###Check runtime

In [None]:
!nvidia-smi

### Install packages

In [None]:
!pip install -q -U transformers accelerate peft diffusers==0.32.2

### Check pytorch nightly installation for latest and fastest kernels

In [None]:
!pip install --pre torch --index-url https://download.pytorch.org/whl/nightly/cu121

###Clear pipeline cash function



In [None]:
import gc
import torch

def clear_cache():
  gc.collect()
  torch.cuda.empty_cache()
  torch.cuda.reset_peak_memory_stats()

###Run with scaled dot product attention (SDPA)

SDPA is an optimized and memory-efficient attention (similar to xFormers) that automatically enables several other optimizations depending on the model inputs and GPU type.
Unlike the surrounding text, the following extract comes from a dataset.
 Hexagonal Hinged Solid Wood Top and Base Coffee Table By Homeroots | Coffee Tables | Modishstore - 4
SDPA is enabled by default if you’re using PyTorch 2.0 and the latest version of 🤗 Diffusers, so you don’t need to add anything to your code.


In [None]:
from time import time
from diffusers import DiffusionPipeline
import torch

# Load the pipeline in full-precision and place its model components on CUDA.
pipe = DiffusionPipeline.from_pretrained(
    "stabilityai/stable-diffusion-xl-base-1.0",
    torch_dtype=torch.bfloat16
).to("cuda")

prompt = "One horse in an aquarium, cold color palette, muted colors, detailed, 4k"
negative_prompt = "bad anatomy, bad proportions, missed legs, ugly"

start = time()
image = pipe(prompt, negative_prompt=negative_prompt, num_inference_steps=30).images[0]
print('Inference time is {}'.format(time() - start))

del pipe

In [None]:
image

###Run pipeline only with bfloat16

There are several benefits of using reduced precision:

*   Using a reduced numerical precision (such as float16 or bfloat16) for inference doesn’t affect the generation quality but significantly improves latency.

*   The benefits of using bfloat16 compared to float16 are hardware dependent, but modern GPUs tend to favor bfloat16.
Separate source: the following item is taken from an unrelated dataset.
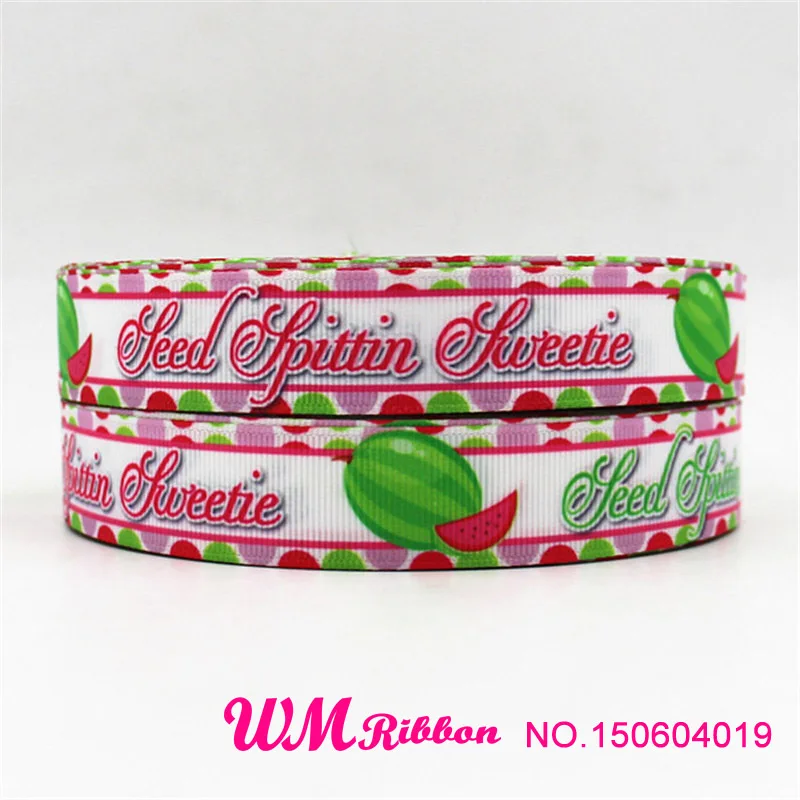 Репсовая лента Q & N с принтом арбуза 16 мм 22 25 38 50 75 ярдов/рулон|ribbon 16mm|printed grosgrain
*   bfloat16 is much more resilient when used with quantization compared to float16, but more recent versions of the quantization library (torchao) we used don’t have numerical issues with float16.

In [None]:
clear_cache()

# Load the pipeline in full-precision and place its model components on CUDA.
pipe = DiffusionPipeline.from_pretrained(
    "stabilityai/stable-diffusion-xl-base-1.0",
    torch_dtype=torch.bfloat16
).to("cuda")

# Run the attention ops without SDPA.
pipe.unet.set_default_attn_processor()
pipe.vae.set_default_attn_processor()

start = time()
image = pipe(prompt, negative_prompt=negative_prompt, num_inference_steps=30).images[0]
print('Inference time is {}s'.format(time() - start))

In [None]:
image